With nothing added or dropped, output every record below exactly.

━━━━━ Data excerpts

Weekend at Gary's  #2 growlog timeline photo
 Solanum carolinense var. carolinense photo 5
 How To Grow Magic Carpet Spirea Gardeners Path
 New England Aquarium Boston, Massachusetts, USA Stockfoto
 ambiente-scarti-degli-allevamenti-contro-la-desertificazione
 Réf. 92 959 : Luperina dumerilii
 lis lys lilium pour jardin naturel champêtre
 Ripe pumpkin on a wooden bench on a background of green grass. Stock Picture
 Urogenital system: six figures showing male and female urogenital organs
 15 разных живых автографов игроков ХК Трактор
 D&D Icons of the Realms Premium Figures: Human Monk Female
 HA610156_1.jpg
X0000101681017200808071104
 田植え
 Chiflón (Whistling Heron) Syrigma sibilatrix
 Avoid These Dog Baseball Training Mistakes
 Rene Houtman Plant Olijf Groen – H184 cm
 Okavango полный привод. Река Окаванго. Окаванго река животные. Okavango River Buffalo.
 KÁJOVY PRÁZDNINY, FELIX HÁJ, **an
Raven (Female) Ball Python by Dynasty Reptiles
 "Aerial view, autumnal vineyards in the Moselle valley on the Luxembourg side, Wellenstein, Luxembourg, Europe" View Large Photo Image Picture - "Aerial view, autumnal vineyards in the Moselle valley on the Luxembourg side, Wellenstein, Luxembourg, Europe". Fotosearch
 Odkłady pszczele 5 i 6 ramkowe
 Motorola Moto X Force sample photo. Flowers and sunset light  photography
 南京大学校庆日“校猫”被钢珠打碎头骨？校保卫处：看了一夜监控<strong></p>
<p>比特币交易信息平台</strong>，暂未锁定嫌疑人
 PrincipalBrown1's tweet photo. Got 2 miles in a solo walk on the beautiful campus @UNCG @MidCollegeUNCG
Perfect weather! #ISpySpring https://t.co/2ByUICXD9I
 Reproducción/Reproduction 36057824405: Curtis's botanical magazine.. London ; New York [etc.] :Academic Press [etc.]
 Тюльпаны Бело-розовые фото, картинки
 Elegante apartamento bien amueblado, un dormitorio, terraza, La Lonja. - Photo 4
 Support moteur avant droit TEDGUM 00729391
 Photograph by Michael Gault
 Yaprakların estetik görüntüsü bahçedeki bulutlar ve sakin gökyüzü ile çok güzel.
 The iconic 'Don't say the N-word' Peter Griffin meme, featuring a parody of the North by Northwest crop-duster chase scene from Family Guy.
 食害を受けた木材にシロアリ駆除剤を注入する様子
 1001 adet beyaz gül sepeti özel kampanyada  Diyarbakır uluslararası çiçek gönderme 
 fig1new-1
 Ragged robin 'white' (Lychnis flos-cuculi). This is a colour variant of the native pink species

━━━━━━━━━━

Result of this task:
Weekend at Gary's  #2 growlog timeline photo
 Solanum carolinense var. carolinense photo 5
 How To Grow Magic Carpet Spirea Gardeners Path
 New England Aquarium Boston, Massachusetts, USA Stockfoto
 ambiente-scarti-degli-allevamenti-contro-la-desertificazione
 Réf. 92 959 : Luperina dumerilii
 lis lys lilium pour jardin naturel champêtre
 Ripe pumpkin on a wooden bench on a background of green grass. Stock Picture
 Urogenital system: six figures showing male and female urogenital organs
 15 разных живых автографов игроков ХК Трактор
 D&D Icons of the Realms Premium Figures: Human Monk Female
 HA610156_1.jpg
X0000101681017200808071104
 田植え
 Chiflón (Whistling Heron) Syrigma sibilatrix
 Avoid These Dog Baseball Training Mistakes
 Rene Houtman Plant Olijf Groen – H184 cm
 Okavango полный привод. Река Окаванго. Окаванго река животные. Okavango River Buffalo.
 KÁJOVY PRÁZDNINY, FELIX HÁJ, **an
Raven (Female) Ball Python by Dynasty Reptiles
 "Aerial view, autumnal vineyards in the Moselle valley on the Luxembourg side, Wellenstein, Luxembourg, Europe" View Large Photo Image Picture - "Aerial view, autumnal vineyards in the Moselle valley on the Luxembourg side, Wellenstein, Luxembourg, Europe". Fotosearch
 Odkłady pszczele 5 i 6 ramkowe
 Motorola Moto X Force sample photo. Flowers and sunset light  photography
 南京大学校庆日“校猫”被钢珠打碎头骨？校保卫处：看了一夜监控<strong></p>
<p>比特币交易信息平台</strong>，暂未锁定嫌疑人
 PrincipalBrown1's tweet photo. Got 2 miles in a solo walk on the beautiful campus @UNCG @MidCollegeUNCG
Perfect weather! #ISpySpring https://t.co/2ByUICXD9I
 Reproducción/Reproduction 36057824405: Curtis's botanical magazine.. London ; New York [etc.] :Academic Press [etc.]
 Тюльпаны Бело-розовые фото, картинки
 Elegante apartamento bien amueblado, un dormitorio, terraza, La Lonja. - Photo 4
 Support moteur avant droit TEDGUM 00729391
 Photograph by Michael Gault
 Yaprakların estetik görüntüsü bahçedeki bulutlar ve sakin gökyüzü ile çok güzel.
 The iconic 'Don't say the N-word' Peter Griffin meme, featuring a parody of the North by Northwest crop-duster chase scene from Family Guy.
 食害を受けた木材にシロアリ駆除剤を注入する様子
 1001 adet beyaz gül sepeti özel kampanyada  Diyarbakır uluslararası çiçek gönderme 
 fig1new-1
 Ragged robin 'white' (Lychnis flos-cuculi). This is a colour variant of the native pink species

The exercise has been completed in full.